Dementia Aware  

Dementia and falls

What you need to know about falls risk in people with dementia

Falls are a major reason why many older people lose independence and mobility, and people with dementia have twice the risk of falling compared to people without dementia.

Falls can result in fractures to limbs (arms/legs) and/or head injury, and people with dementia are three times more likely to sustain a hip fracture that may require surgical intervention and the potential complications of delirium, immobility (Tinetti et al., 1988).

Once a person has fallen, the chance of falling again doubles. Therefore, preventing falls in people with dementia is an important aspect of their care.

Across North America, every 11 seconds, one person, age 65 years or older, is treated for a fall in the emergency department. This means, on average, 7,855 older people fall daily, and of those falls, 20 per cent cause serious injury, even death.

The risk of falls associated with dementia in the older person, may be caused by four main factors:

  • Physical changes
  • Cognitive changes
  • Environmental
  • Medications

Physical Changes

  • Weaker bones, decreased strength, muscle loss due to aging process
  • Decreased energy due to inactivity and/or pre-existing health condition e.g. arthritis
  • Loss of flexibility in joints, increased pain/stiffness especially hips and ankles
  • Impaired balance reactions due to slower brain processing
  • Dementia is associated with impairment of cardiovascular reflexes that help maintain blood pressure (BP) when standing
  • People with Lewy body dementia and Parkinson’s dementia are at an increased risk of falling due to significant gait changes
  • People with frontal lobe vascular lesions are at high risk of falling due to impulsivity
  • From the middle to advanced stage of dementia, there is a noted decline in strength, balance and walking ability  

Cognitive Changes

  • Impulsivity
  • Poor judgment e.g. walking on an icy path
  • Cognitive impairment affects the capacity to judge depth and distance between objects e.g. sit down in gaps between chairs
  • Misprocessing of information e.g. black rug on white floor  
  • Sensory changes (see article Dementia and the Five Senses)

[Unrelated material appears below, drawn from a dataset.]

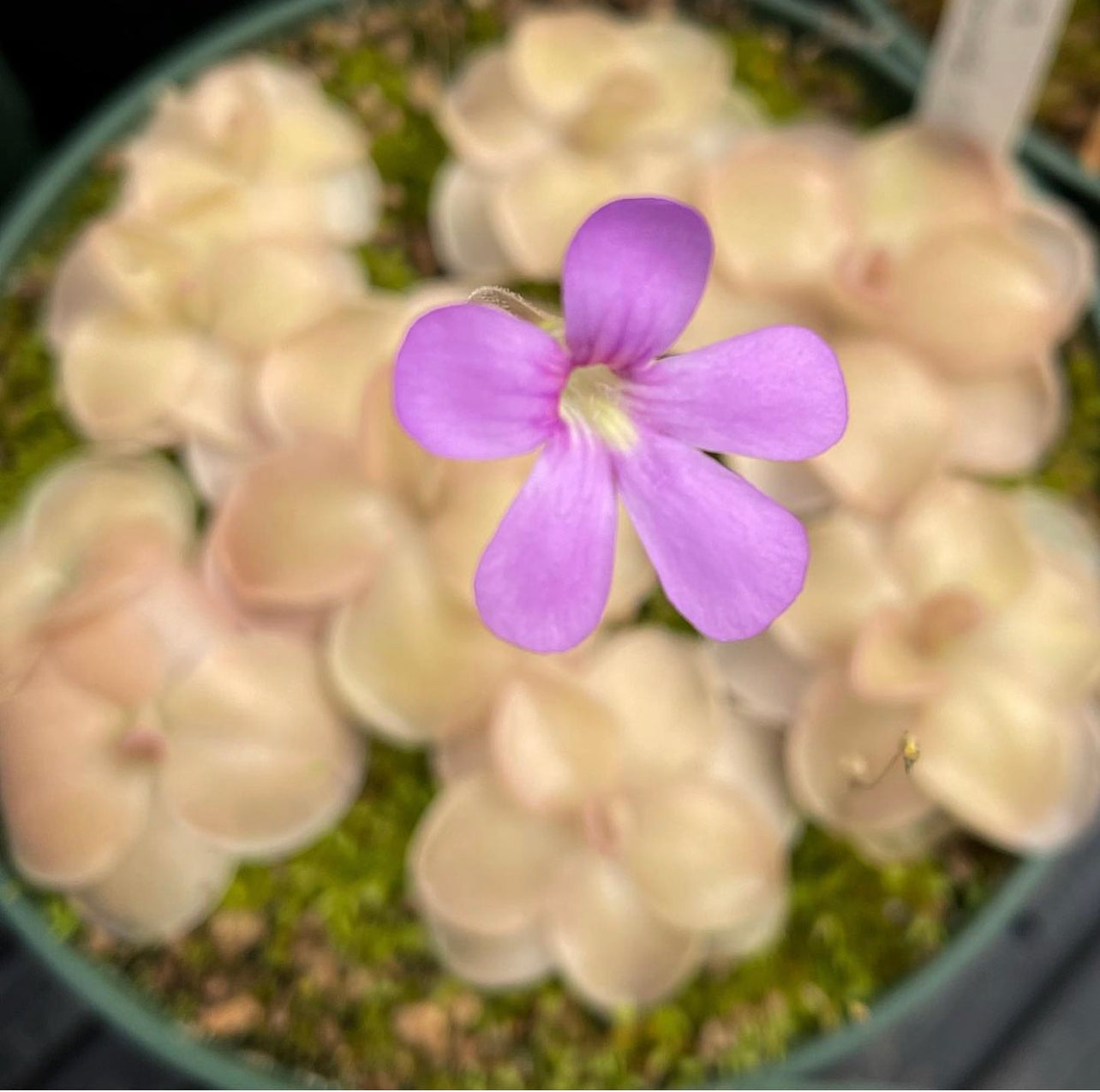 Pinguicula x 'Pirouette' BARE ROOT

Most falls leading to serious injury and/or death, occur at home or in the garden. The most common areas are:

  • Stairs
  • Bathroom
  • Kitchen
  • Bedroom
  • Garden


  • Poor lighting
  • Hoarding/clutter
  • Badly placed furniture, power cords, loose carpeting, curled edges of rugs
  • Ill fitting clothing, inappropriate footwear
  • Chairs which tip over, step stools
  • Rugs that slide, unstable hand rails
  • Wet floors, spillage
  • Uneven paving, loose gravel
  • Ice/wet leaves on pathway
  • Family pet
  • Items placed out of reach


Many common medications have side effects that are associated with an increase in falls risk.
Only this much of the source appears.